About this exercise
Retype all of the lines below with no changes.

(Stored items from a collection)
○ ○ ○ ○

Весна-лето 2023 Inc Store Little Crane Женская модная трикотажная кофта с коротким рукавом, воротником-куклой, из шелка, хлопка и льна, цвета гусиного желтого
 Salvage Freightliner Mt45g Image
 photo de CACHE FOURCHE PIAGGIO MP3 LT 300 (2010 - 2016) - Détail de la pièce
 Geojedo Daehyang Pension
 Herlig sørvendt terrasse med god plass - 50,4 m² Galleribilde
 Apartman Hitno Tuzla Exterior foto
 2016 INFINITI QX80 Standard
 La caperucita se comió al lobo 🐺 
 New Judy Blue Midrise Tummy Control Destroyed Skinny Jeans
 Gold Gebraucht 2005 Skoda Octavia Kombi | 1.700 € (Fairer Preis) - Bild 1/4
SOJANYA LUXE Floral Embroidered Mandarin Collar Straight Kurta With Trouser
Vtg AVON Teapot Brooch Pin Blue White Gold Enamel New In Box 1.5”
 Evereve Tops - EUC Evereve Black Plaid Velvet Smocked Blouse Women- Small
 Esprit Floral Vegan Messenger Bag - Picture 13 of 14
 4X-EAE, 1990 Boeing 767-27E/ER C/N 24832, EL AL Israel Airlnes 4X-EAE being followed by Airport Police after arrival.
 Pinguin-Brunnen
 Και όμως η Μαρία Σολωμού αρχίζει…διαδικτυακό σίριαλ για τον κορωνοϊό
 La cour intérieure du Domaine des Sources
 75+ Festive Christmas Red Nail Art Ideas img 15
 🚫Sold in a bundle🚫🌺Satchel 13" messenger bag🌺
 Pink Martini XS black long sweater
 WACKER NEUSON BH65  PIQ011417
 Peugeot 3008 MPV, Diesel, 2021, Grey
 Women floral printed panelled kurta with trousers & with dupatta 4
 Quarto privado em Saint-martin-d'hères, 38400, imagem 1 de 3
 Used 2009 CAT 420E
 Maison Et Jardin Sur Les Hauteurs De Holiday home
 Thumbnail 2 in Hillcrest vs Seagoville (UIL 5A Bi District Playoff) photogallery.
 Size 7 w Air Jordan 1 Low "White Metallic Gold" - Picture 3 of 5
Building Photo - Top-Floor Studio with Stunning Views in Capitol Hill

○ ○ ○ ○

Output
Весна-лето 2023 Inc Store Little Crane Женская модная трикотажная кофта с коротким рукавом, воротником-куклой, из шелка, хлопка и льна, цвета гусиного желтого
 Salvage Freightliner Mt45g Image
 photo de CACHE FOURCHE PIAGGIO MP3 LT 300 (2010 - 2016) - Détail de la pièce
 Geojedo Daehyang Pension
 Herlig sørvendt terrasse med god plass - 50,4 m² Galleribilde
 Apartman Hitno Tuzla Exterior foto
 2016 INFINITI QX80 Standard
 La caperucita se comió al lobo 🐺 
 New Judy Blue Midrise Tummy Control Destroyed Skinny Jeans
 Gold Gebraucht 2005 Skoda Octavia Kombi | 1.700 € (Fairer Preis) - Bild 1/4
SOJANYA LUXE Floral Embroidered Mandarin Collar Straight Kurta With Trouser
Vtg AVON Teapot Brooch Pin Blue White Gold Enamel New In Box 1.5”
 Evereve Tops - EUC Evereve Black Plaid Velvet Smocked Blouse Women- Small
 Esprit Floral Vegan Messenger Bag - Picture 13 of 14
 4X-EAE, 1990 Boeing 767-27E/ER C/N 24832, EL AL Israel Airlnes 4X-EAE being followed by Airport Police after arrival.
 Pinguin-Brunnen
 Και όμως η Μαρία Σολωμού αρχίζει…διαδικτυακό σίριαλ για τον κορωνοϊό
 La cour intérieure du Domaine des Sources
 75+ Festive Christmas Red Nail Art Ideas img 15
 🚫Sold in a bundle🚫🌺Satchel 13" messenger bag🌺
 Pink Martini XS black long sweater
 WACKER NEUSON BH65  PIQ011417
 Peugeot 3008 MPV, Diesel, 2021, Grey
 Women floral printed panelled kurta with trousers & with dupatta 4
 Quarto privado em Saint-martin-d'hères, 38400, imagem 1 de 3
 Used 2009 CAT 420E
 Maison Et Jardin Sur Les Hauteurs De Holiday home
 Thumbnail 2 in Hillcrest vs Seagoville (UIL 5A Bi District Playoff) photogallery.
 Size 7 w Air Jordan 1 Low "White Metallic Gold" - Picture 3 of 5
Building Photo - Top-Floor Studio with Stunning Views in Capitol Hill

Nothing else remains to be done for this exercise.